# GitStractor Repository Analysis Data Extraction Tool

Created by [Matt Eland](https://MattEland.dev)

This notebook helps you load historical git and file statistics data from any local git repository

## Pre-requisites
The code assumes you have the following libraries installed:

- pydriller
- pandas

### Setup: Output file paths and repository

In [1]:
# This repository path should be a LOCAL path already cloned on disk
repository_path = 'C:\\Dev\\GitStractor'
repository_branch = 'main'

# Declare our paths of interest
commit_data_path = 'Commits.csv'
file_commit_data_path = 'FileCommits.csv'
file_size_data_path = 'FileSizes.csv'
file_data_path = 'FileData.csv'
author_data_path = 'Authors.csv'
merged_data_path = 'MergedData.csv'
merged_file_data_path = 'MergedFileData.csv'

# Multi-threading is supported
num_threads = 16

### Configure Authors

Sometimes people commit with different names or E-Mail addresses and we want to configure aliases. Additionally, the final project's rubric required a map view.
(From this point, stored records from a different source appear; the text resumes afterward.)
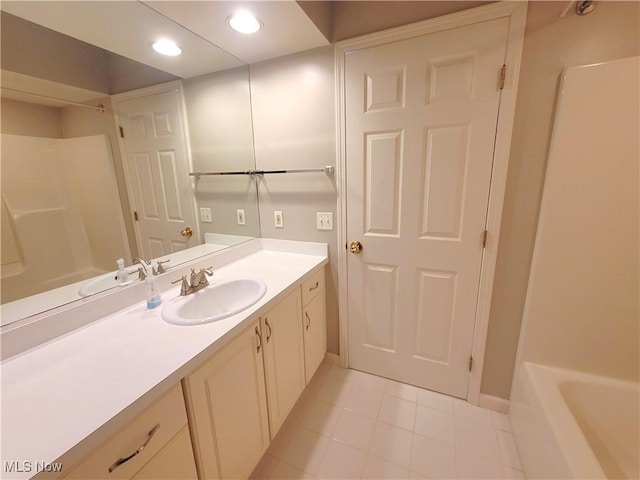 bathroom featuring tile patterned flooring, vanity, and recessed lighting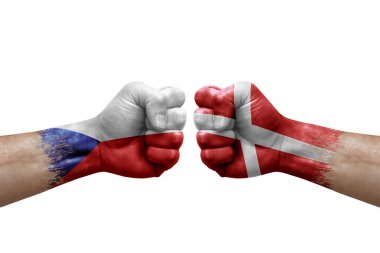 Two hands punch to each others on white background. Country flags painted fists, conflict crisis concept between czechia and denmark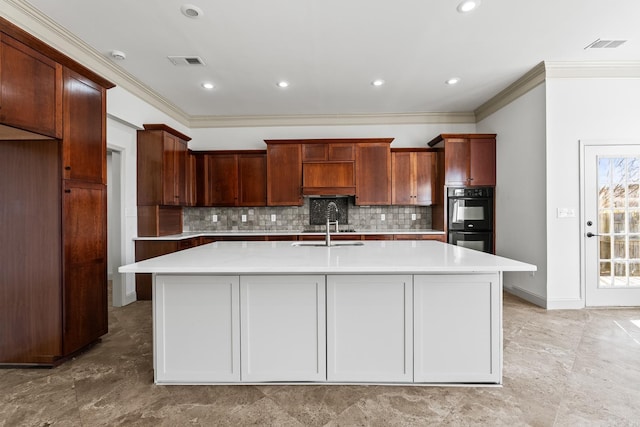 kitchen featuring visible vents, a center island with sink, dobule oven black, and light countertops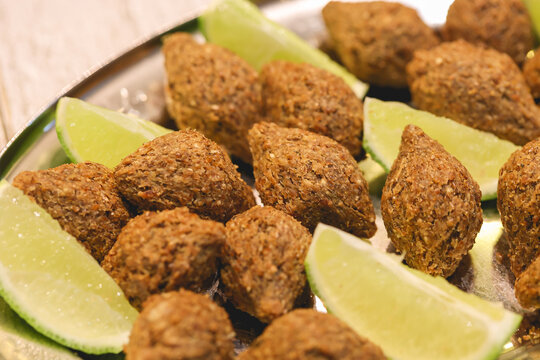 Quibe Frito. Pequenos quibes com peda&ccedil;os de lim&atilde;o servidos em uma travessa. Comida brasileira, Petisco, Salgado, Salgadinho.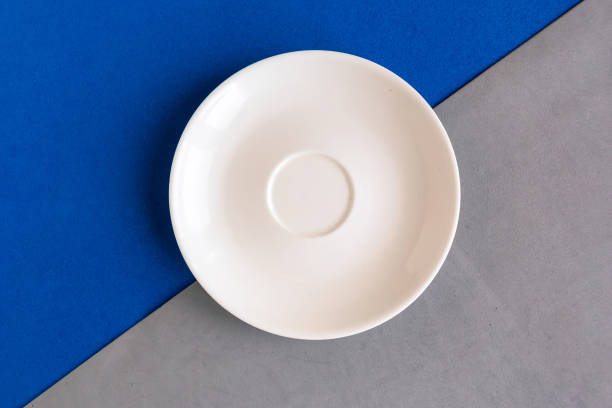 istock Empty plate on grey and purple background. Copy space for the text. Minimal concept 1285993549
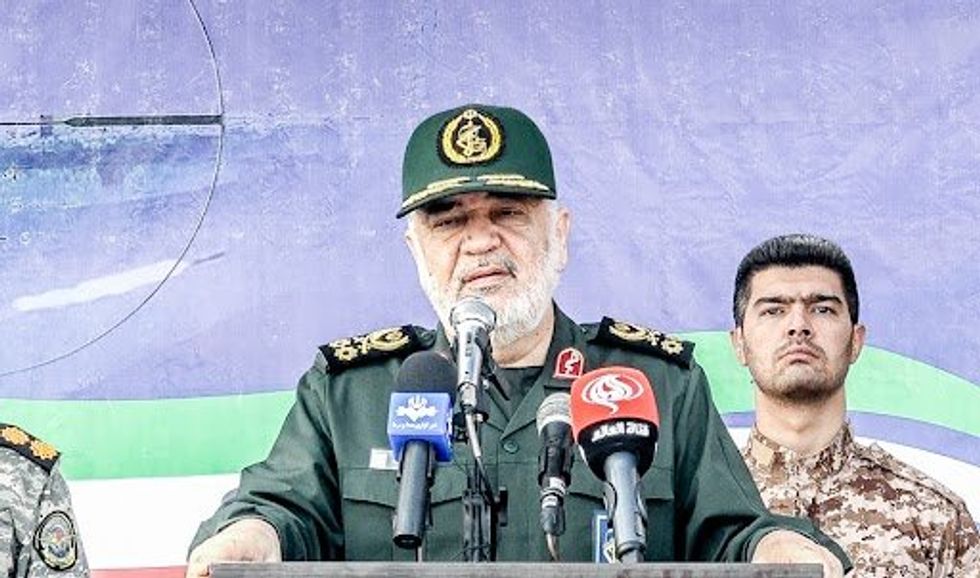 Photograph of general Hossein Salami, addressing troops during a massive military drill on the island of Abu Musa.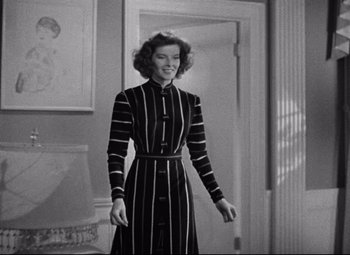 Movie still from “Bringing Up Baby” (1938), directed by Howard Hawks – A black and white photo of a woman in a striped dress; Medium shot, Low angle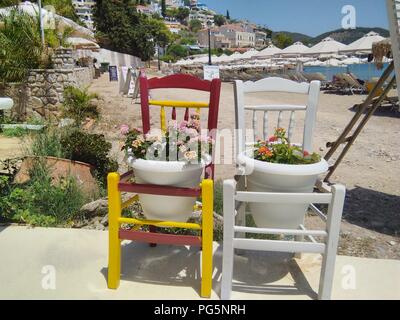 Griechenland, Insel Poros. Zwei alte Stühle, die auf skurrile Weise als Pflanzentopfhalter gestrichen und recycelt wurden Stockfoto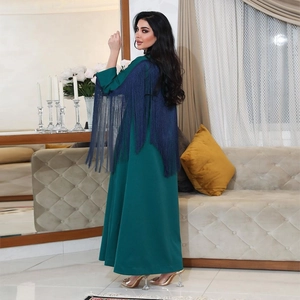 Elegant emerald green long-sleeve maxi dress featuring dark blue fringe details on sleeves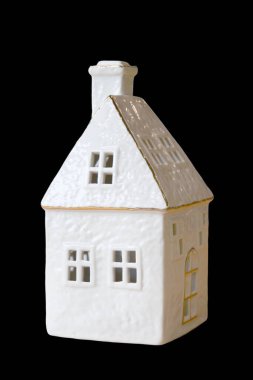 Altın aksanlı, minimalist beyaz bir seramik ev süsü. Detaylı pencereler ve siyah arka planda duran bir baca..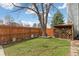 Backyard featuring a green lawn, wood fence, and firewood storage at 19411 E Milan Cir, Aurora, CO 80013
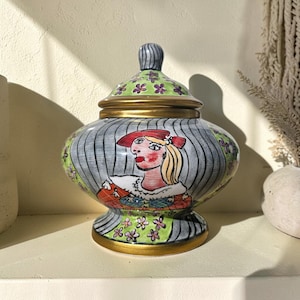 May include: A decorative ceramic jar with a lid. The jar features a hand-painted design of a woman in a red hat, with a striped background. The lid and base are accented with gold trim, and the lid has a green floral pattern.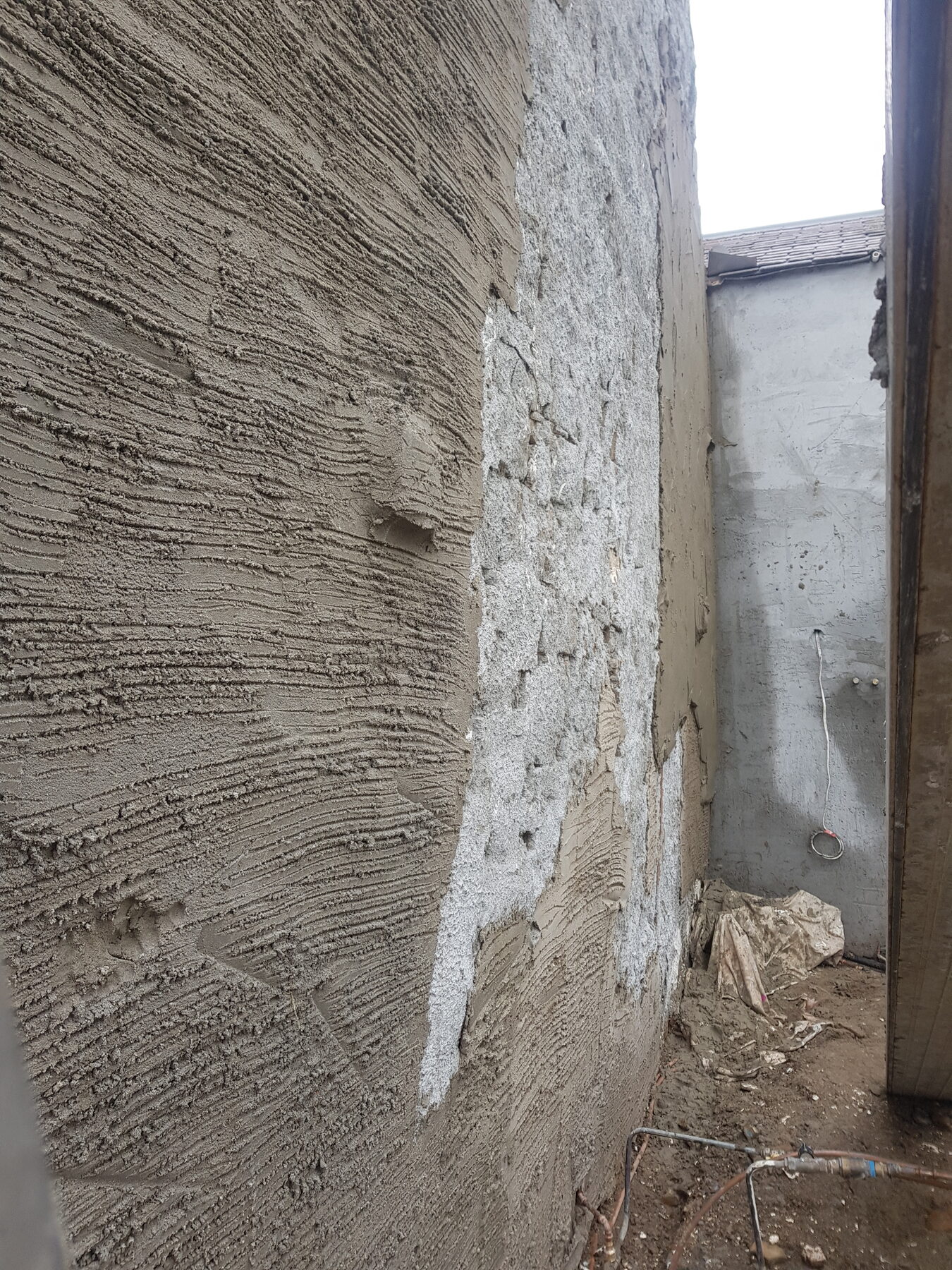 Sand and cement render being built up on Rosehill Homestead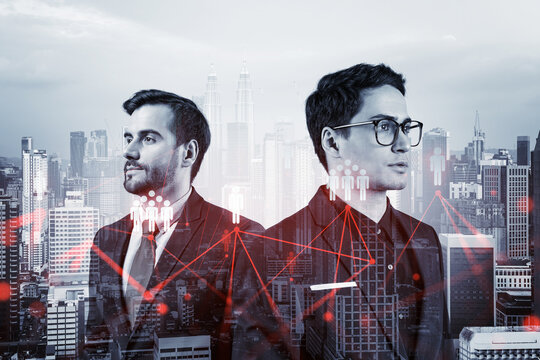 Two handsome young SMM specialists thinking about development of social media marketing strategy to achieve business goals. Hologram icons over Kuala Lumpur background. - Powered by Adobe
The best way of doing that with this dataset is to allow the user to specify the country and city of each author.

In [2]:
author_info = [
    { 
        'name': 'Matt Eland', 
        'email': 'matt.eland@gmail.com', 
        'aliases': ['matt@mattondatascience.com']
    },
]

## Part 1: Pulling Commit Data

We will use the PyDriller library to pull commit data from a local git repository and build a list of commits.

This process can take a very long time depending on the size of the repository (0.25 - 1 seconds *per commit*, depending on your machine and the `num_threads`).

In [3]:
from Scripts import GitAnalyzer 

# This will pull all repository data and write to Commits.csv and FileCommits.csv
GitAnalyzer.analyze_repository(repository_path, 
                               num_threads=num_threads,
                               author_info=author_info,
                               commits_file_path=commit_data_path,
                               file_commits_file_path=file_commit_data_path,
                               branch=repository_branch)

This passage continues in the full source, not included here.